Alaska City Set to Ship Water to India, U.S. Company Announces
S2C Global Systems, a water supply management company, announced last week that within six to eight months it will ship water from Sitka, Alaska to a hub in India. The water will then be distributed via tanker to markets in south and west Asia and the Middle East.
By Brett Walton
Circle of Blue
UPDATE FROM JUNE 2, 2010: Texas-based S2C Global Systems has announced the creation of a water hub at a port on the west coast of India with the potential to distribute billions of gallons of water each year from Sitka, Alaska to markets in India, the Middle East and west Asia, according to a press release on the company’s website.

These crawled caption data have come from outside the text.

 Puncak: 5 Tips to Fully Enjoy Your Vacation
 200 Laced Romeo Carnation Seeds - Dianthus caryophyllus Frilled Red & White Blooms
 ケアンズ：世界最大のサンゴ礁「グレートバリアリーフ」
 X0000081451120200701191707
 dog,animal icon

Sitka, a small town located on Baranof Island off Alaska’s southeast coast, will sell the water to Alaska Resource Management for one penny per gallon. S2C and True Alaska Bottling, which has a contract for the rights to export 2.9 billion gallons (10.9 billion liters) per year from Sitka’s Blue Lake Reservoir, formed Alaska Resource Management LLC to facilitate bulk exportation.
Alaska City Wants to Sell the World a Drink
Public Opinion on Bulk Water Sales
Sitka’s Resource Piggy Bank Is Water
The city will earn $US26 million per year if ARM exports its entire allocation, and more than $US90 million annually if the city can export its maximum water right of 9 billion gallons. That amount of water is enough to meet the annual domestic needs of a city of 500,000 using 50 gallons per person per day.
This will be the world’s first large-volume exports of water via tanker: companies have tried unsuccessfully for more than two decades to break open the bulk water export market. Past attempts have been thwarted by daunting logistics, concerns about natural resource sovereignty and commodification as well as the availability of cheaper local sources.
With last week’s announcement, S2C appears to have found the right combination of location, infrastructure and pricing to make exports feasible.
S2C will not identify the port’s location “for security reasons,” but Terry Trapp, the chief executive of True Alaska Bottling, told Circle of Blue in an interview in May that the port is south of Mumbai.
When called for more information about the water hub, S2C president Rod Bartlett said that he would not be releasing any details to the media other than what is included in the company’s press releases. True Alaska’s chief executive did not return phone messages before this story was published.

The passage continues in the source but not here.